Saturday, July 5, 2008

My day of extremes

This morning I read a blog of a parent who has a child with a severe disability. This precious boy has no muscle tone (so he cannot suck, swallow, or lift his head), he can’t see well, is non-verbal, suffers with seizures and frequently aspirates. I was VERY humbled as I read her blog. I was amazed at her strength and courage, even though she sometimes feels that she has neither. I felt that the issues we faced with our Matt were very small in comparison with the challenges that she faced. I was deeply grateful for Matt and that in the light of this other little boy’s story, our lives seem easily manageable.

This afternoon we popped in to visit our good friends who have an 11 month old boy. We had not seen them for a while and I was looking forward to reconnecting. As we walked into their home we were greeted by their precious boy who was boldly walking. I was crushed. The old enemies - hurt, disappointment and sadness ambushed me. It took all my strength to hold it together and greet our friends. I am not jealous of their child, in fact, I was thrilled that he had started walking. Yet it reminded me that Matt is…different, that Matt’s life journey is going to be so different, and that this journey is hard and in some ways is always going to be hard.

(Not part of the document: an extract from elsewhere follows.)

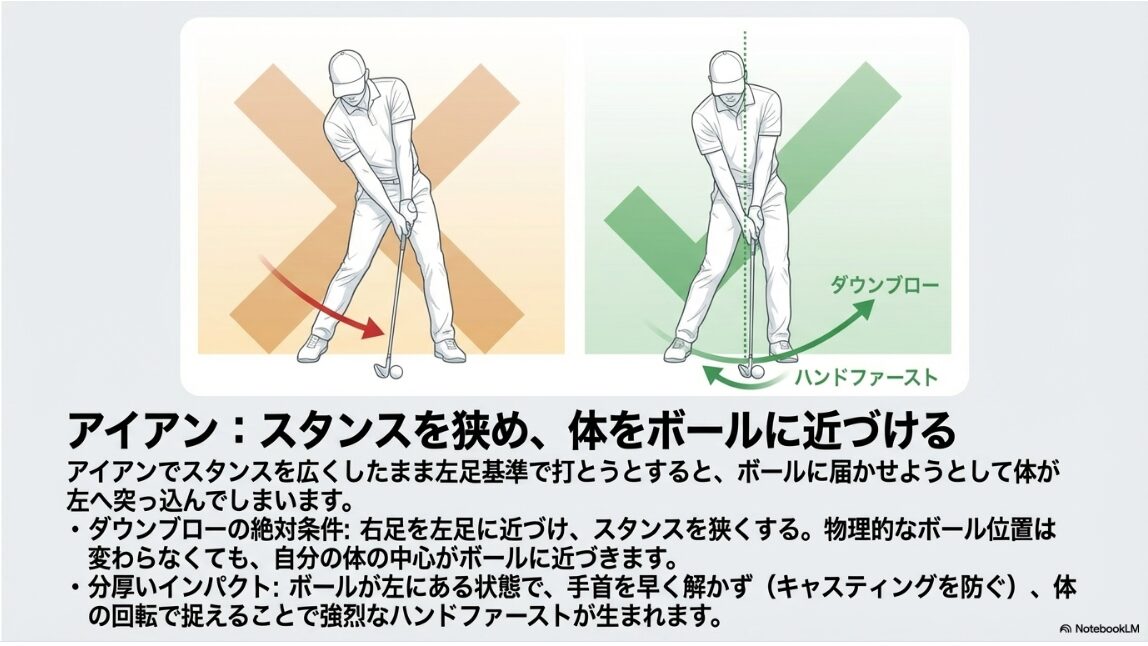 アイアンでスタンスを狭めることでボール位置を変えずにダウンブローを実現する図解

I am still trying to make sense of all of this – how I can feel so positive about Matt when I compare my life to one person, and feel so down when I compare our lives to another. I know in my heart that comparing is Bad and Very Unhelpful. Most days I am safely able to interact with others without Comparing, but today I wasn’t.

6 comments:

Cindy said...

Both extremes ARE difficult. I've found that the more I'm with other typical kids near Natalie's age, the more I have to practice being ok with it. And practice helps! Now even though it's in the back of my mind how far apart they are, it doesn't bother me as much. I hope Matt has the opportunity to have a lot of typical friends, both for him and for you.

Anonymous said...

I truly share that feeling. I still have a whole lot to be greatful for though, He can hear and understand and that is more that some parents have (ok, not alot more, but still!) Matt is gorgeous and even though he might be "different" to the norm, he has so much going for him. I believe he will find friends of his own peer group - meaning kiddos on a similar developmental age. It is however strange, how one could be fine the one day, just to have a meltdown for the strangest reasons. I remember that I had such a meltdown once in Toys R us, because it suddenly struck me that there simply is not a single toy in this whole shop, that my Nathan will be able to play with. I saw the bikes and trikes and I started crying! Kids thought I was somewhat crazy of course, but then, I just stopped going in there looking for something for Nathan. I let my seven year old run around and (sometimes) choose a toy for himself. But now, when I want to "shop" for Nathan, I go to Musica or "window shop" at Shonaquip! I guess one has to reach a point where you don't think of your child as a 3 year old, rather as a 2 month old. It is then easier to handle all the heartache... I still feel very sad when I see Nathan's "friends" from playschool when he was small - they walk and talk and throw tantrums. I caught myself the other day wanting to tell a mother to leave her child while he was throwing a major tantrum. He used to be in NAthan's class and she was utterly frustrated with her child's behaviour (which is absolutely normal for both mother and child!). I bit my lip, smiled at them both and walked on. If only NAthan could do that! But, one shouldn't get stuck in that - it does your own soul no good.
You guys are doing a wonderful job with Matt - and that is all that counts...Good luck!

Anonymous said...

Hi Lloyd and Jacqui
Thank you so much for sharing so honestly - we pray for you guys as it is a journey - a journey that God has ordained. We hope to be a part of that journey in whatever way we can.
Ash&Sharon

Michelle said...

I've been dealing with those exact feelings lately as well. I keep hearing of young RTS kids talking or attempting to talk and my Austin just hums all day long. It's on those days that I look to the Lord for the strength to be a good mom for him. Big hugs, we'e in the same boat!

Sysser said...

The ability, not to compare, sets us free and allows our creativity to flourish. :-)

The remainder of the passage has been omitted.